■ **DATA BLOCK**:
------------------------------

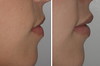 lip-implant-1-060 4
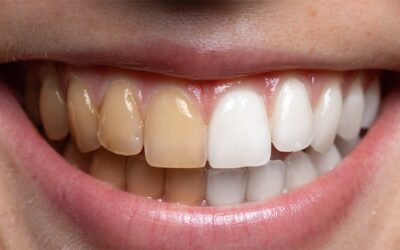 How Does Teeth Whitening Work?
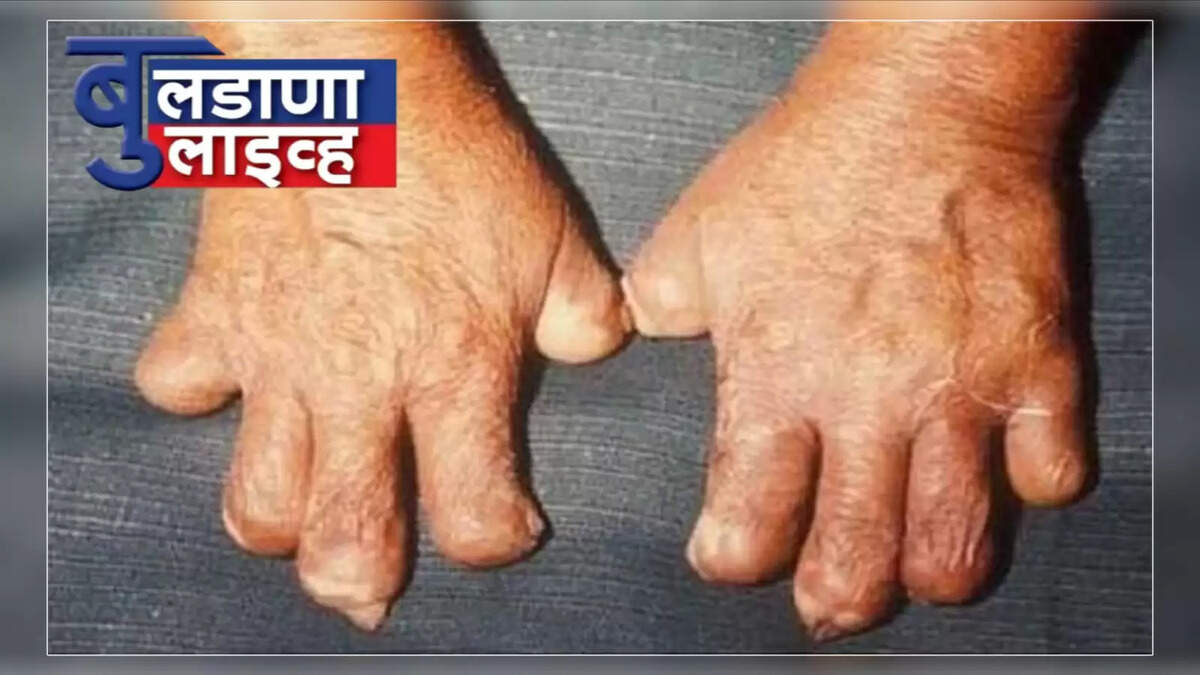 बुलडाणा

------------------------------

■ **ABOUT THIS TASK**: Except for the pictures, return every line of the material exactly.

■ **ANSWER SPACE**:
 lip-implant-1-060 4
 How Does Teeth Whitening Work?
 बुलडाणा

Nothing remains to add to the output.